Into which no innocence lets.

 

We shared our thoughts and passion for truth,

He propped the sign, I stood by the booth.

Words were gave, and heard each one,

We talked by the heat of a risen sun.

 

Never too soon to ask who we are,

Or why we came to choose this star.

Come and exchange your thought with mine,

We spoke of life, and the patience of time.

 

May 23rd, 2006

With Heavy feet of mud coated sole,

The last of their heat; the wind-rain stole.

Equipped to endure for the length of a day,

Equipped to keep within control.

 

Numbness of thumbs, nails, paws a sliver,

With every shock, nerves twitch and quivver.

Clammed and cold; rain soaked glove,

The hands are where we begin to shivver.

 

Our legs are engines, driven to top.

They only advance, step by foot drop.

Conditioned with blood; secured by bone,

You know they won’t stop; don’t ever stop.

 

Buried deep is the planter’s mind,

Deep as a forest; in them the find.

Nature then wages a day for a fight,

They who stayed, stood, but one of a kind.

 

May 24th, 2006

By the light of a cloudy dawn did our march slowly begin. It takes a margin of length for one’s body to gain up the heat to breathe comfortably in a morning without a visible sun. There was a settlement of Western Alberta fog which took great advantage of the opportunity to obscure the visibility for our two pilots.

Mike, who was our Austrian pilot – and reminded me of a father of a close freind of mine – took to an un-expected jovial charisma about the muster of our cold, but eager company. Having no gentle compass, four unexperienced crew members took it upon their initiative, and upon Mike’s suggestion, to treck their way through acres of un-guided, forested land without the comfort of a map or the security of a radio. Their instincts must have appealed to them as sufficient to provide confidence while traversing hectares of terrain normally passed highly above by the seat of a transport helicopter.  Mike’s suggestion, which was to travel South-East along cut seismic lines, unfortunately wasn’t enough advice to ensure a straight path for these four naiive planters.
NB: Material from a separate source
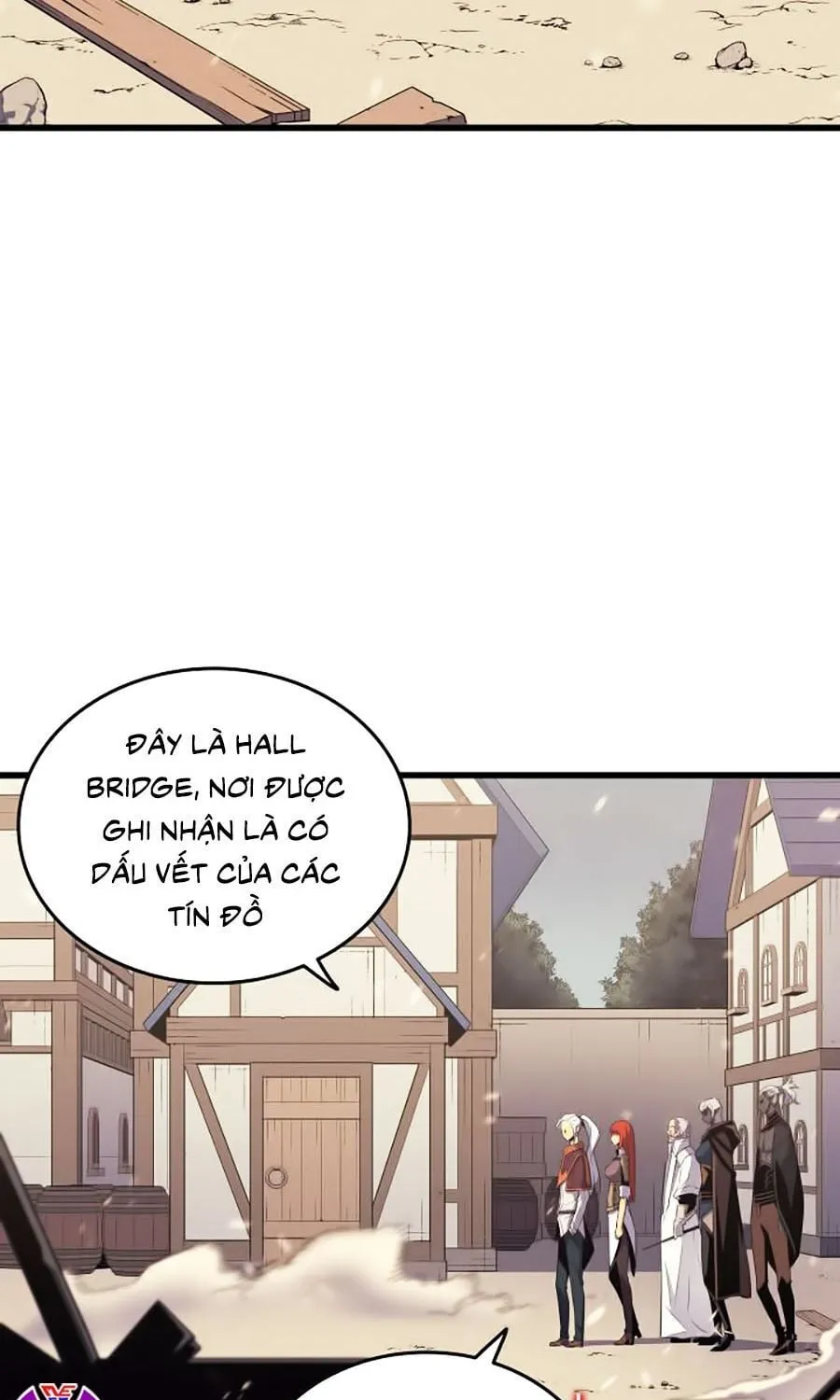 Sự Trở Lại Của Đại Pháp Sư Sau 4000 Năm Chap 53 - Next Chap 54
The rest of our crew clamped to the lead of our foreman, well informed. The walk was through the remnants of the scattered, and abandoned seismic paths previously utilized by oil drilling companies. The paths had been thoroughly drowned under water due to the topographic characteristics of the land which conveniently settled between two cloud converging mountain ranges. I gave thanks for my rubber boots.
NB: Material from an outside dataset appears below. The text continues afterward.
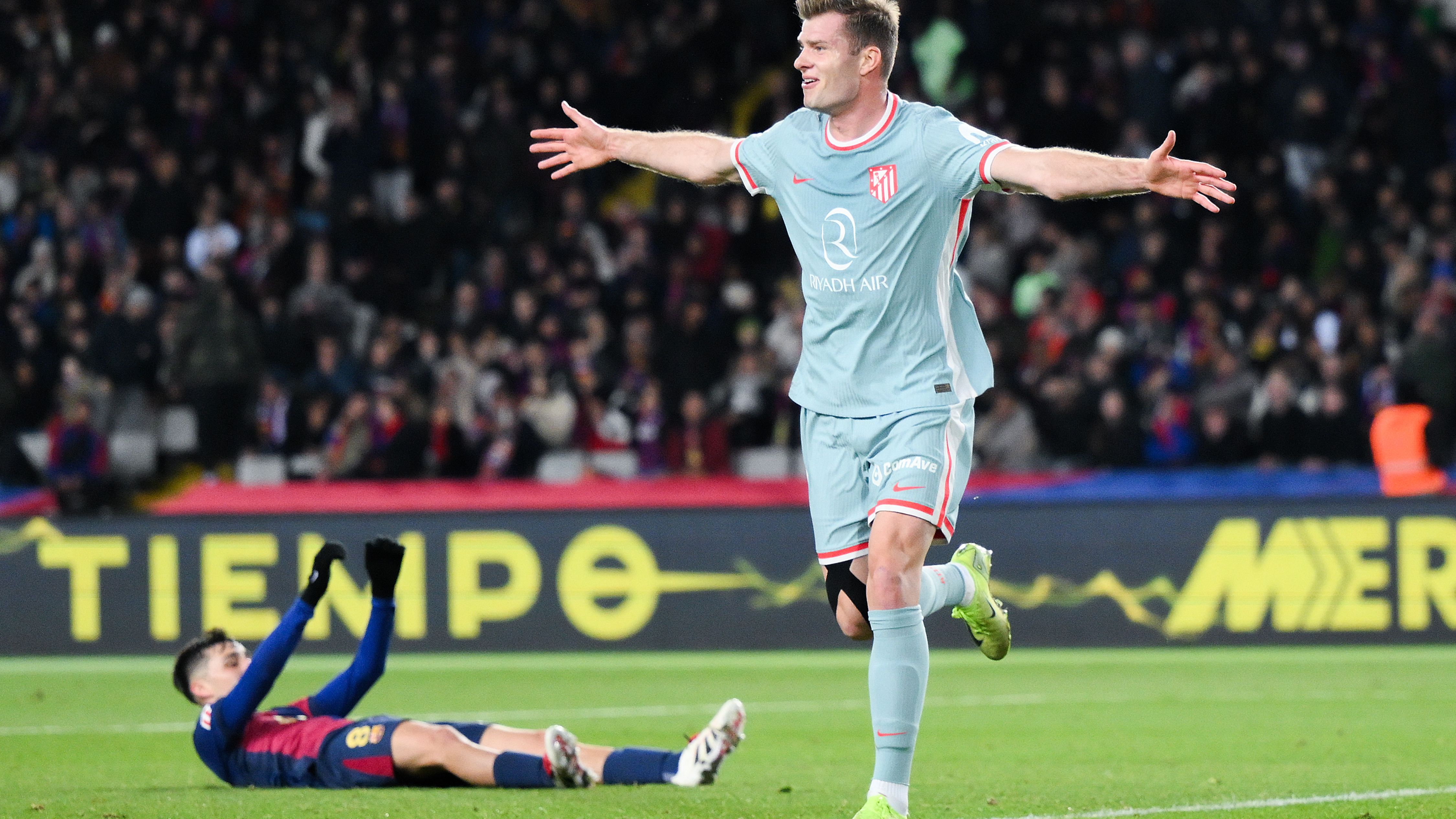 FC Barcelona v Atletico de Madrid - La Liga EA Sports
Our bodies marched, each supported by the near identicle architectural frame of the delicate human skeleton. Our walk took forever, though thirty minutes had passed before we reached our destination.

The other four were not found until five hours later when the fog had cleared entirely. Once they tardedly arrived to a familiar and convenient cache co-ordinate, the four called in their safe and secure cries over the cache radio. I had with me a radio which reassuredly informed me of the good news. The shaking of their voices still rings harmonic presence in my mind, and will forever remind me of my own personal fragility.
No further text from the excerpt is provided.